When Parliament won the war, they ordered it melted down for scrap. A brazier named John Rivett purchased it, began selling small bronze trinkets supposedly cast from the metal, and quietly hid the statue intact in his workshop. After the Restoration, the statue emerged unharmed.

In 1675, it was placed on the spot where it stands today. The positioning was deliberate. The statue faces south, down the full length of Whitehall, directly toward the Banqueting House. Toward the window. Toward the place the king’s father died.

Charles I has been looking toward that spot for 350 years. The sightline is still clear. On a quiet morning, standing beside the statue and looking south, you can see the Banqueting House at the far end of the road.

Beneath the statue is also the site of the original Charing Cross — the memorial erected by Edward I in 1290 to mark one of the resting places of his wife’s funeral procession. The cross was destroyed by Parliament in 1643. The statue replaced it as the city’s symbolic centre, and all official distances from London are still measured from this spot.

The secrets hidden in plain sight around this part of the city are remarkable — including the 150 years of history hiding in Trafalgar Square just beyond the statue.

Visiting the Banqueting House Today

The Banqueting House

The Banqueting House is managed by English Heritage and open to visitors most days.
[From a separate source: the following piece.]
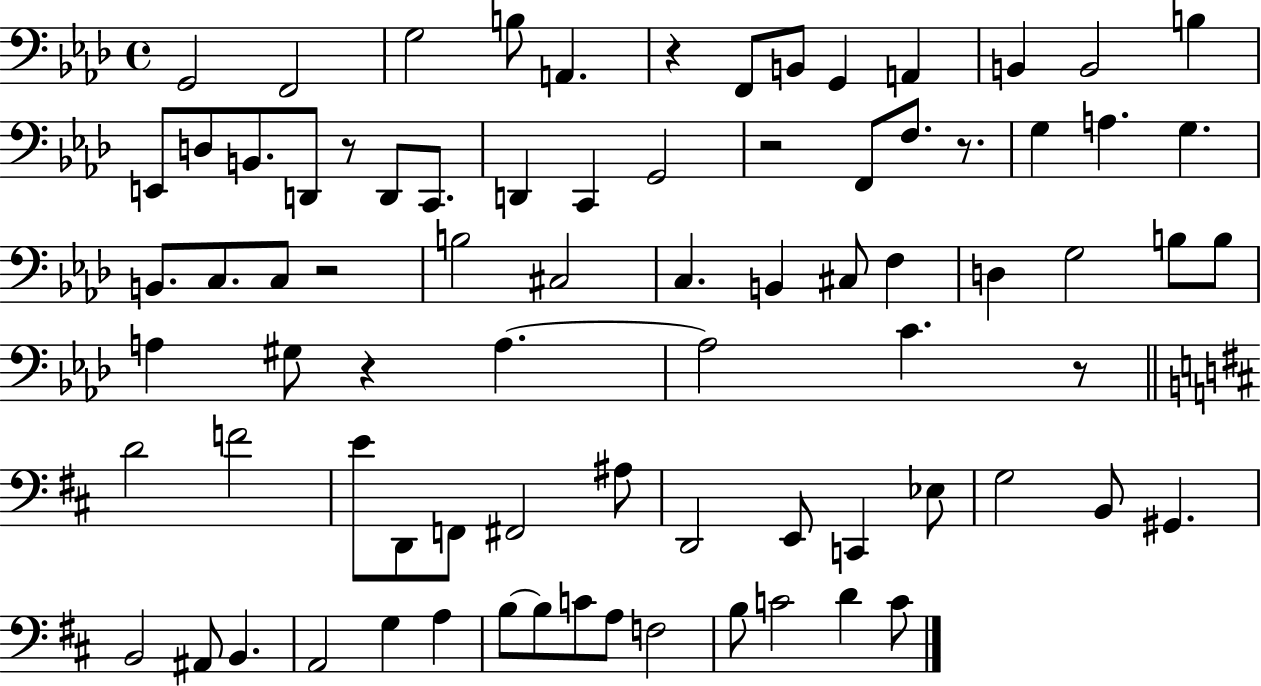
G2/h F2/h G3/h B3/e A2/q. R/q F2/e B2/e G2/q A2/q B2/q B2/h B3/q E2/e D3/e B2/e. D2/e R/e D2/e C2/e. D2/q C2/q G2/h R/h F2/e F3/e. R/e. G3/q A3/q. G3/q. B2/e. C3/e. C3/e R/h B3/h C#3/h C3/q. B2/q C#3/e F3/q D3/q G3/h B3/e B3/e A3/q G#3/e R/q A3/q. A3/h C4/q. R/e D4/h F4/h E4/e D2/e F2/e F#2/h A#3/e D2/h E2/e C2/q Eb3/e G3/h B2/e G#2/q. B2/h A#2/e B2/q. A2/h G3/q A3/q B3/e B3/e C4/e A3/e F3/h B3/e C4/h D4/q C4/e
Entry is charged, though it’s free with an English Heritage membership. It’s worth checking opening times before you go — the building occasionally closes for private events.
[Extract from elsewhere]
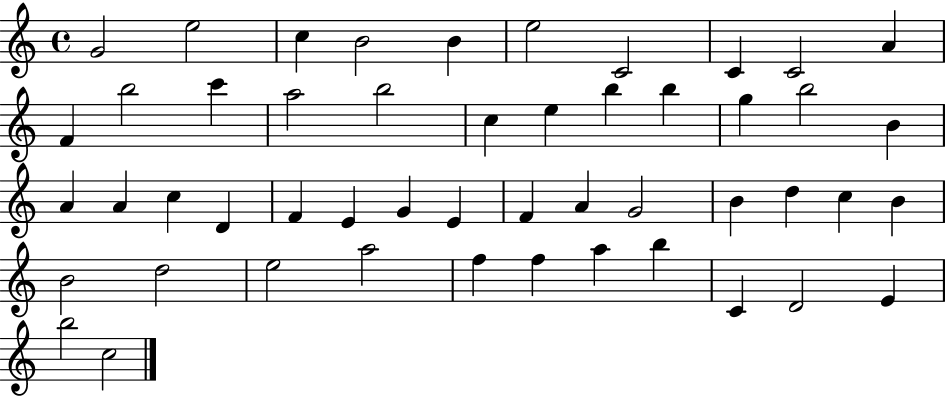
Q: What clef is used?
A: treble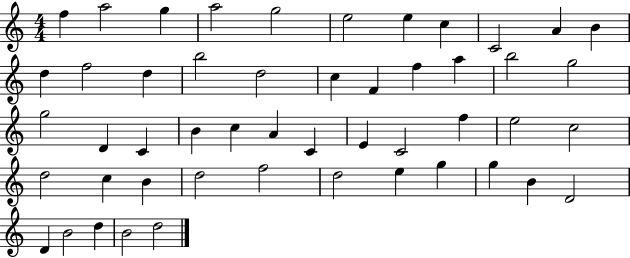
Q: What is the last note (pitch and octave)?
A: D5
The building is smaller than the outside suggests. One great hall. The undercroft below. The ceiling above. But it is the context that makes it extraordinary.

Standing in the hall and looking up at the nine Rubens panels, then looking out toward Whitehall, you are standing in one of the most historically charged rooms in Britain. The acoustics are remarkable too — the hall was built to amplify sound for performances, and even a whisper travels clearly across the room.
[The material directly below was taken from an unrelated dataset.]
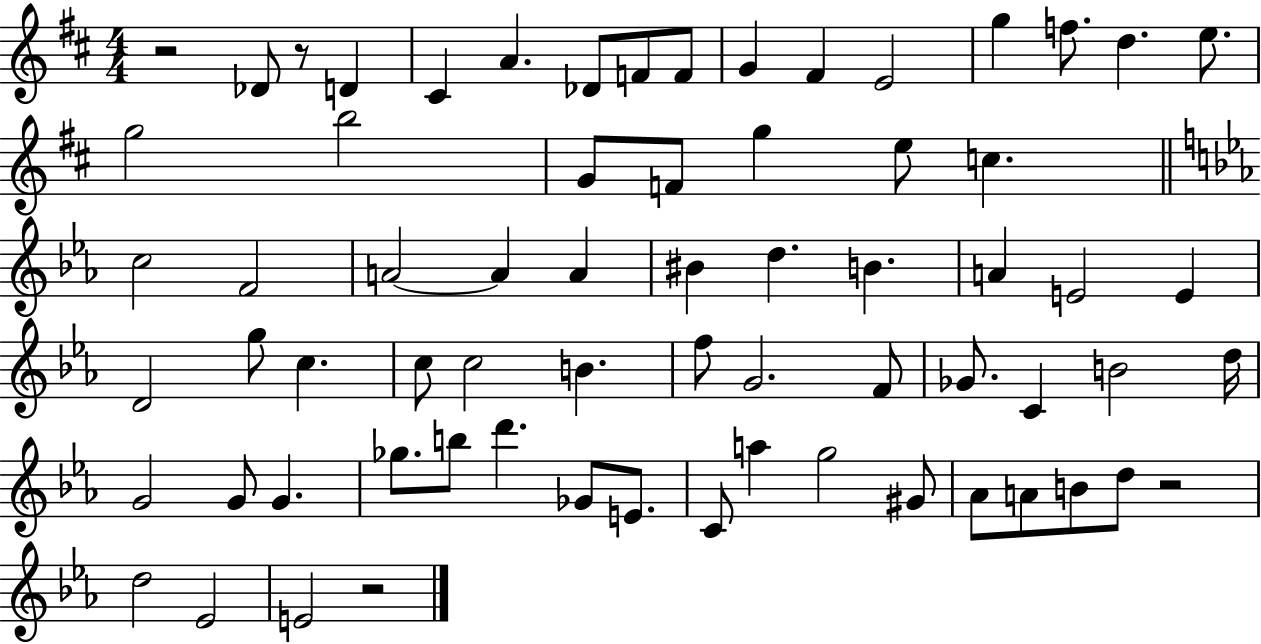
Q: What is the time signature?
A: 4/4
Every year on 30 January, the anniversary of Charles I’s execution, members of the Royal Stuart Society gather outside to lay a wreath. It’s a small and quiet ceremony, but it has been happening for decades. In a city that constantly reinvents itself, there is something worth noticing about a tradition that refuses to let a date go unmarked.

For the full story of royal London and the palaces that shaped British history, it’s worth reading about the palace Henry VIII stole from a cardinal — another chapter in the long, complicated royal story of this stretch of the Thames.

Frequently Asked Questions

Where is the Banqueting House in London?

The Banqueting House is on Whitehall, in central London, between Trafalgar Square and Parliament Square. The nearest Underground stations are Westminster (Jubilee, Circle and District lines) and Charing Cross (Northern and Bakerloo lines). It takes about five minutes to walk from either.

Can you visit the Banqueting House today?

Yes. The Banqueting House is open to visitors and managed by English Heritage. Entry is charged, but free for English Heritage members. It’s best to check opening times before visiting, as the building sometimes closes for private functions. Most visits take around 30 to 60 minutes.

What is special about the Banqueting House ceiling?

The nine painted panels were created by Peter Paul Rubens between 1629 and 1636, commissioned by Charles I. They are the only Rubens ceiling still in its original setting — in the building they were designed for, mounted exactly as Rubens intended. No other building in the world can make that claim.

When was King Charles I executed?

Charles I was executed on 30 January 1649, outside the Banqueting House on Whitehall. He stepped through a first-floor window onto a scaffold built in the street below. He wore two shirts that morning so that any shivering from the cold would not be mistaken for fear.

London is full of places where history happened. Most of them have been buried, rebuilt, or smoothed over into something presentable. The Banqueting House is one of the rare exceptions — a room that has kept its silence and kept its ceiling, and asks very little of you except that you stand in it and think.